- **Exercise prompt**:
In the entries below, begin at the line that has "Organic Cotton Classic", stop after the line that has "Men's Vintage Aircraft-Buckle Brown Jacket", and output those lines exactly with no pictures.

- **Source material**:
* * * * * * * * *
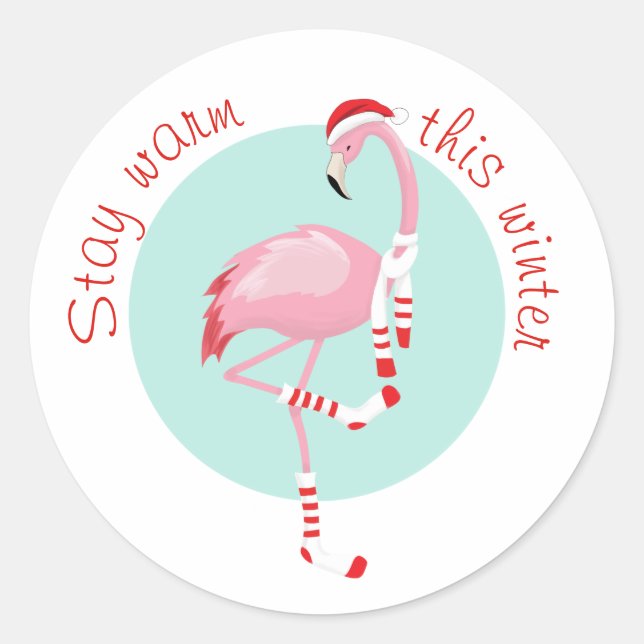 Christmas Cute Pink Flamingo Classic Round Sticker (Front)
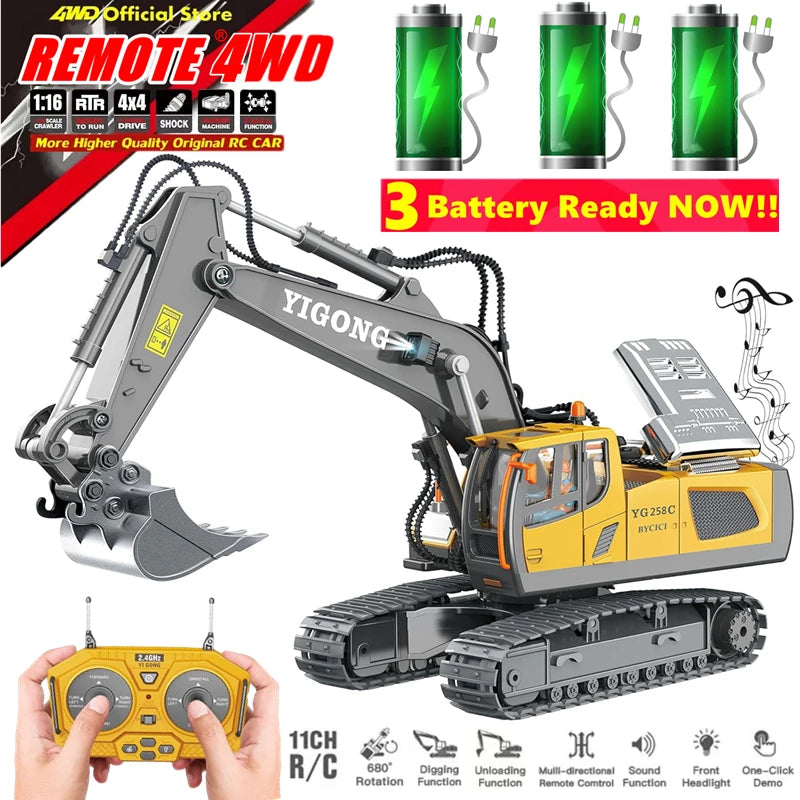 Remote Control Excavator Dump Truck Crawler Bulldozer RC Model Car Toy Alloy Simulation Construction Vehicle Gifts for Kids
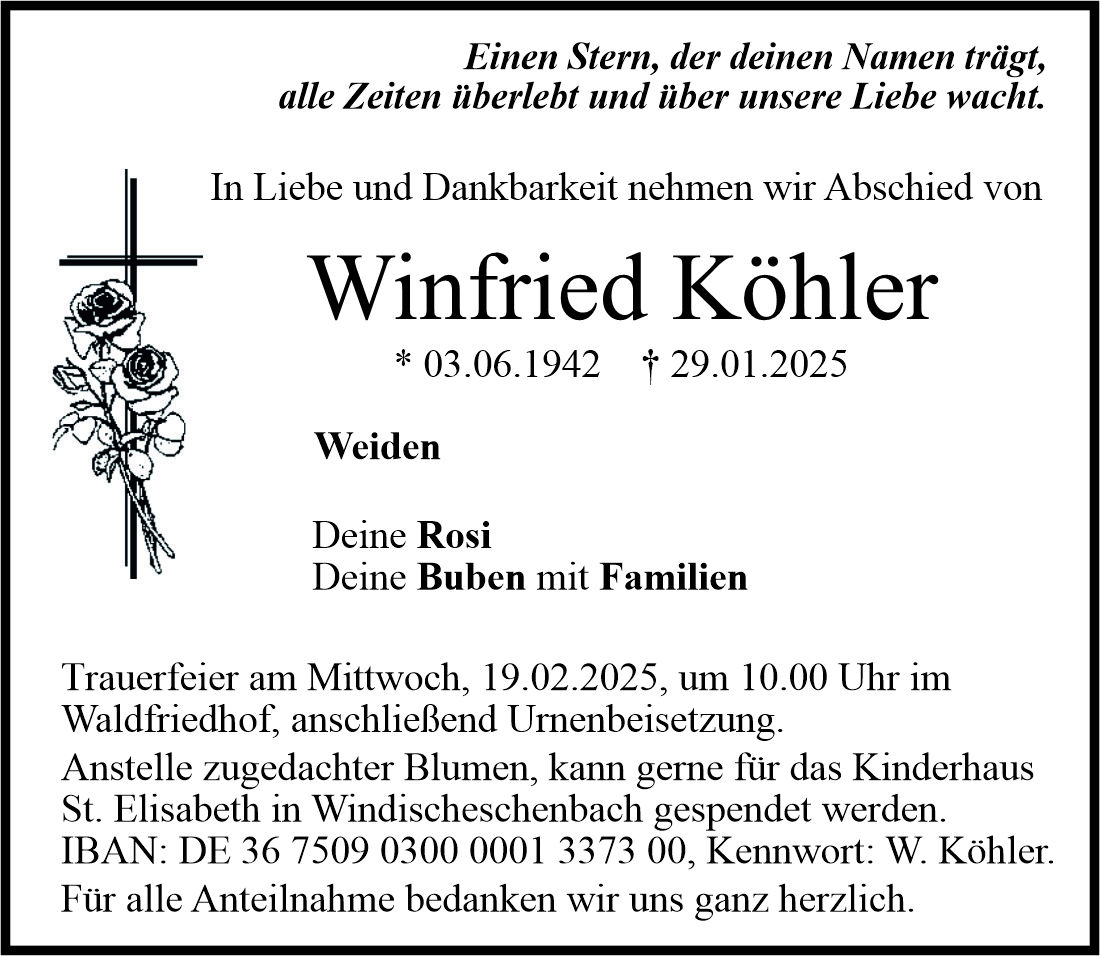 Traueranzeige Winfried Köhler, Weiden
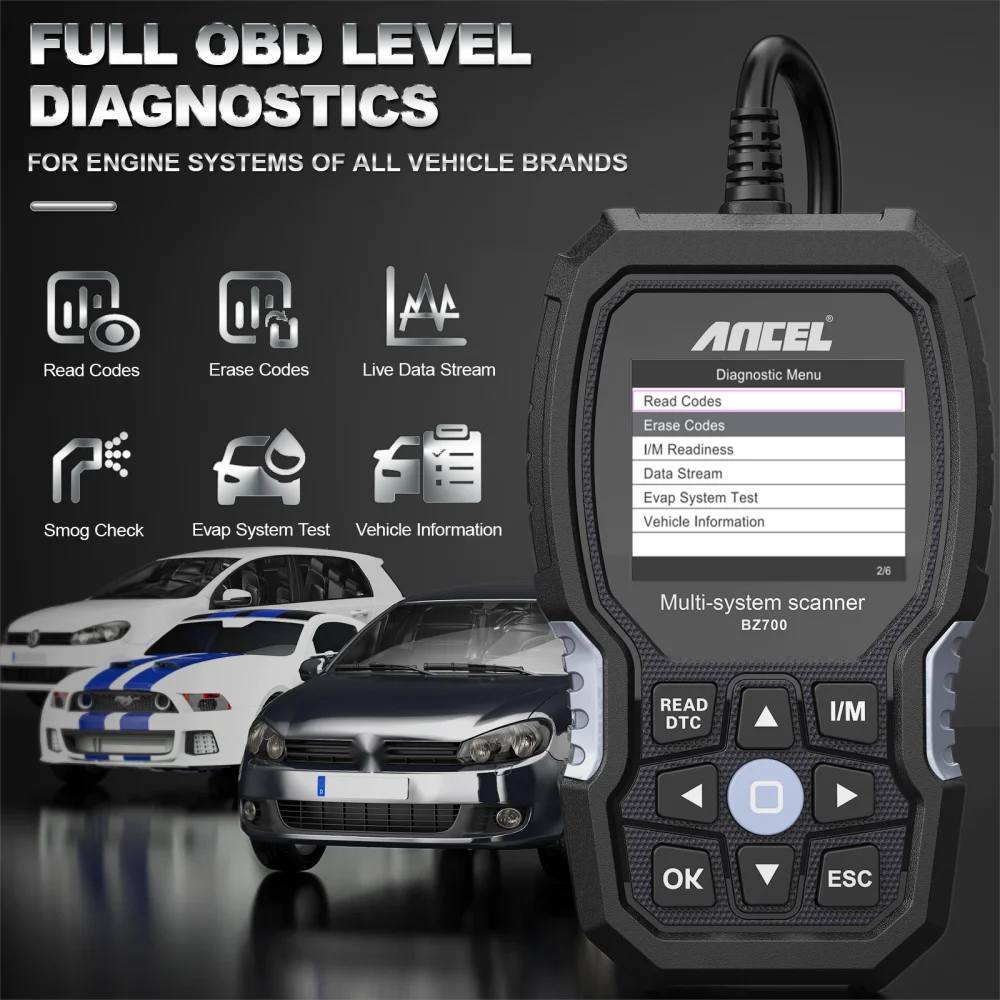 2025 ANCEL BZ700 OBD2 Scanner Engine OBD Code Reader For Mercedes Benz Full System Diagnostic Tool Reset Service Automotive Tool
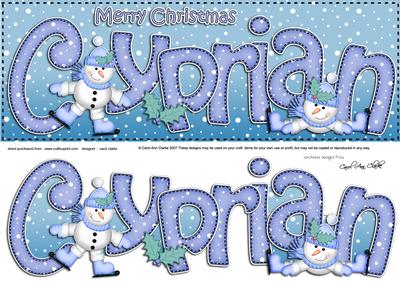 Large Dl Cyprian Quick Card with Snowmen N 3D Decoupage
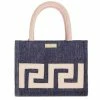 Iosifina - Small Tote With Leather Meander Navy Blue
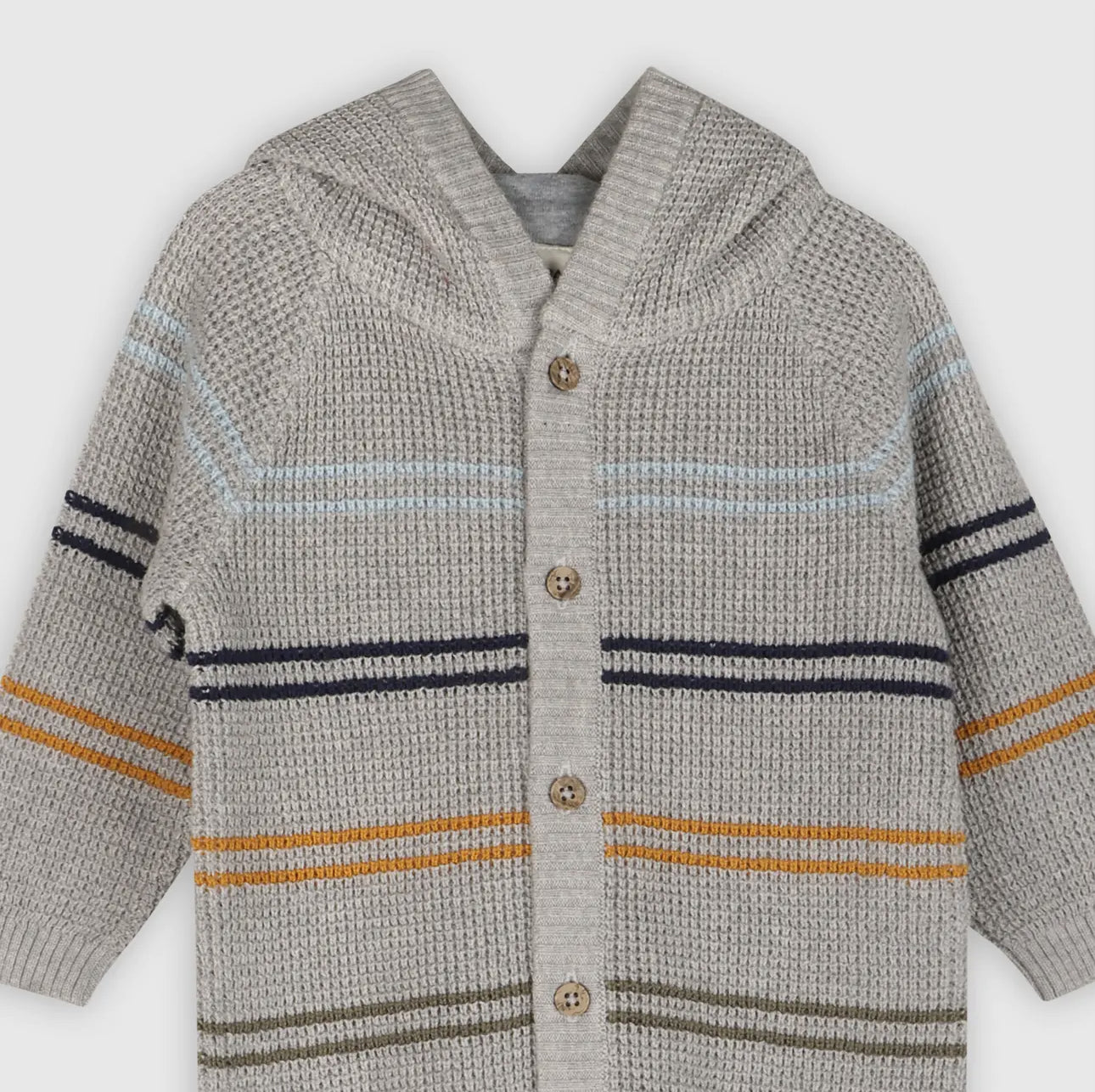 Organic Cotton Classic Stripe Sweater Knit Hooded Jumpsuit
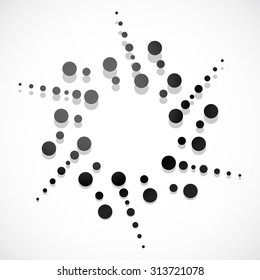 Concentric dots, circles. Dotted abstract element, abstract pattern on white. Vector illustration.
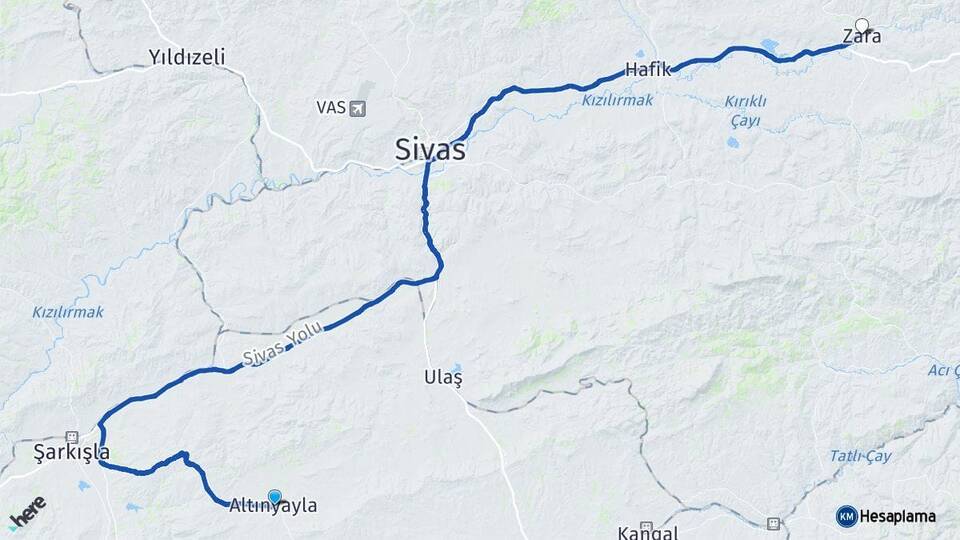 Sivas Altınyayla Zara Arası Kaç Km - Yol Haritası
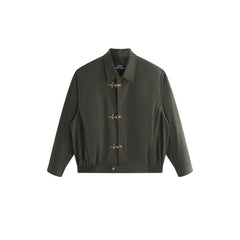 Men's Vintage Aircraft-Buckle Brown Jacket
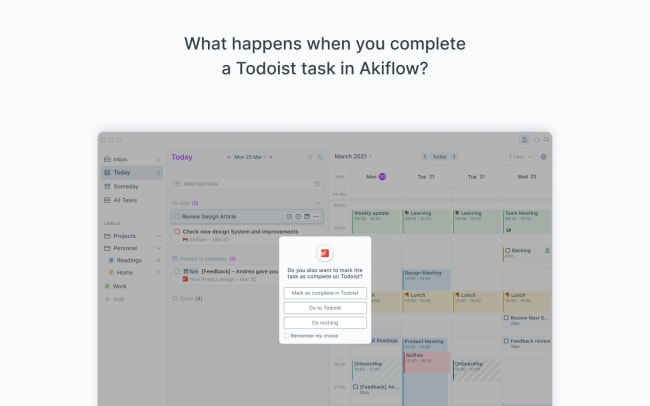 What happens when you complete a Todoist task in Akiflow?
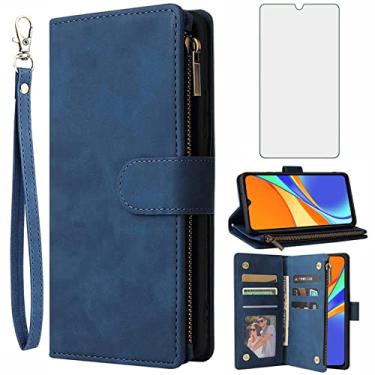 Imagem de Asuwish Capa carteira compatível com Xiaomi Redmi 9C, protetor de tela de vidro temperado e capa flip de couro, suporte de cartão, acessórios de celular, capas finas para celular Redmi9C NFC Redme C9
* * * * * * * * *
- **Solution to this problem**:
 Organic Cotton Classic Stripe Sweater Knit Hooded Jumpsuit
 Concentric dots, circles. Dotted abstract element, abstract pattern on white. Vector illustration.
 Sivas Altınyayla Zara Arası Kaç Km - Yol Haritası
 Men's Vintage Aircraft-Buckle Brown Jacket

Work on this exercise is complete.